AUTODESTRUCTEURS, TURBULENTS ET VICELARDS, LES SIX DÉPRAVÉS DE LA FAT WHITE FAMILY SONT CE QUI EST ARRIVÉ DE PLUS ROCK’N’ROLL À LA COURONNEBRITANNIQUE DEPUIS LES LIBERTINES. GOD SAVE THE QUEEN…

Shoreditch. L’un des quartiers les plus « hispterifiés » de Londres. Les Fat White Family, qui y jouent le soir même à l’occasion d’une Pias Night, détonnent un peu dans le paysage. Ils ont beau avoir récemment fait la couverture du New Musical Express, les lascars dont les frasques et les excès rappellent les Sex Pistols n’ont rien des petits minets fringués tous pareils qu’on croise dans les micro-brasseries et les coffee-houses aux alentours de Liverpool Street. Les Fat White, c’est le Londres des nuits sans fin, de la dope, des sales enroules et des références douteuses. « Personne avec un tant soit peu de décence ne met encore les pieds ici, assène Lias Saudi, 28 ans, affable leader au cheveu long et gras de cette smala décadente qui affole l’Angleterre. A chaque fois qu’on revient de tournée, on doit déménager. Toute la ville devient trop propre et sage. D’ailleurs, tous les endroits que j’aimais fréquenter ont fermé ou ont été récupérés par des enculés. Londres devient aussi chiant que Paris. Une ville en chocolat pour les milliardaires et les touristes. Une mégapole qui n’a d’autre aspiration que de sucer ton pognon. Tu ne sais pas ce que c’est d’avoir ton ordi qui s’éteint à 4 h du matin parce que tu n’as pas payé tes factures. Nous, on aime vivre dans la crasse. Mais la belle crasse. Pour l’instant, je suis à West Norwood. Le coin des renégats, tout le monde te le dira. »

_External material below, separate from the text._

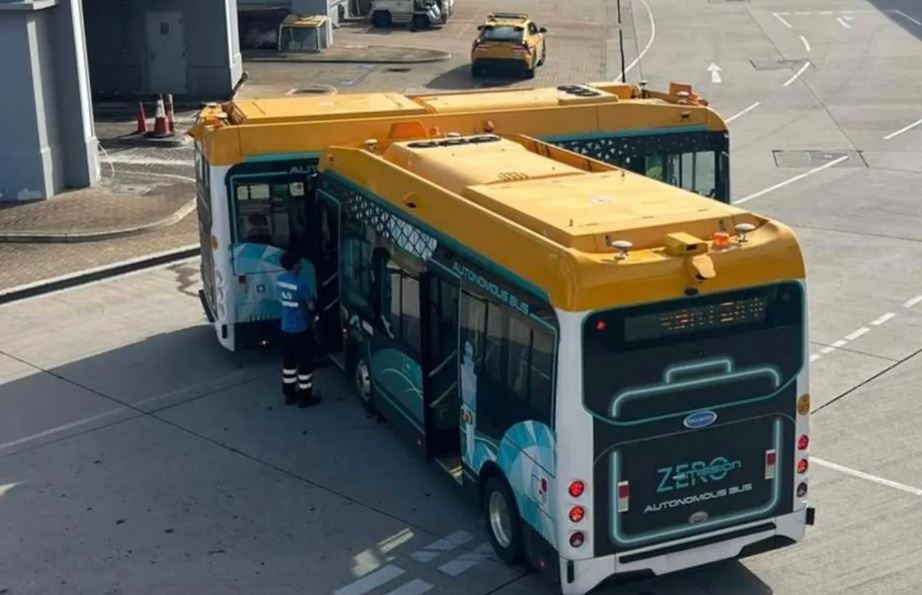 Havaalanında otonom otobüs kazası oldu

Son frangin Nathan, claviériste, crèche lui au-dessus du Queen’s Head, le pub de Brixton qui leur sert de QG. Les « brothers » sont d’origine algérienne -« la moitié de notre famille est musulmane« – et ont grandi à Cookstown, en Irlande du nord -« A l’école, on était ce qui ressemblait le plus à une minorité ethnique« . Avant de devenir les nouvelles terreurs du rock anglais quelque part entre les Cramps, Syd Barrett, Black Angels et le Brian Jonestown Massacre, les frangins ont fait du pub rock sans grand intérêt sous le nom de Saudis jusqu’à ce qu’il ne leur permette plus de se payer leur came. « Le plus mauvais groupe de la ville, même s’il a tourné jusqu’en Algérie… »

Yuppies Out

Comme les Black Lips il y a dix ans, les Fat White ont une solide réputation qui les précède. Celle de mecs qui se branlent sur scène et mettent de la coke dans leur Chili. Chez eux, quand on n’a pas de fric pour un clip, on part avec de l’acide et une caméra dans les bois. Lorsque Margaret Thatcher a cassé sa pipe, les déglingués se sont promenés avec une banderole « The Bitch is Dead » dans les rues de Brixton. Et quand le restaurant Champagne + Fromage a ouvert non loin de chez eux, ils ont créé un groupe Facebook intitulé Yuppies Out.

Les garçons, qui ont le sens de la provocation, se sont même mis en tête de rééditer sur leur propre label The Family Jams. Un album enregistré par les disciples de Charles Manson, dont ce dernier a écrit toutes les chansons. « Saul a vraiment été obsédé par le personnage. Je suis davantage fasciné par un Mark E. Smith, mais j’aime l’idée que de doux, naïfs et jolis morceaux country soient l’oeuvre d’un putain de cinglé. »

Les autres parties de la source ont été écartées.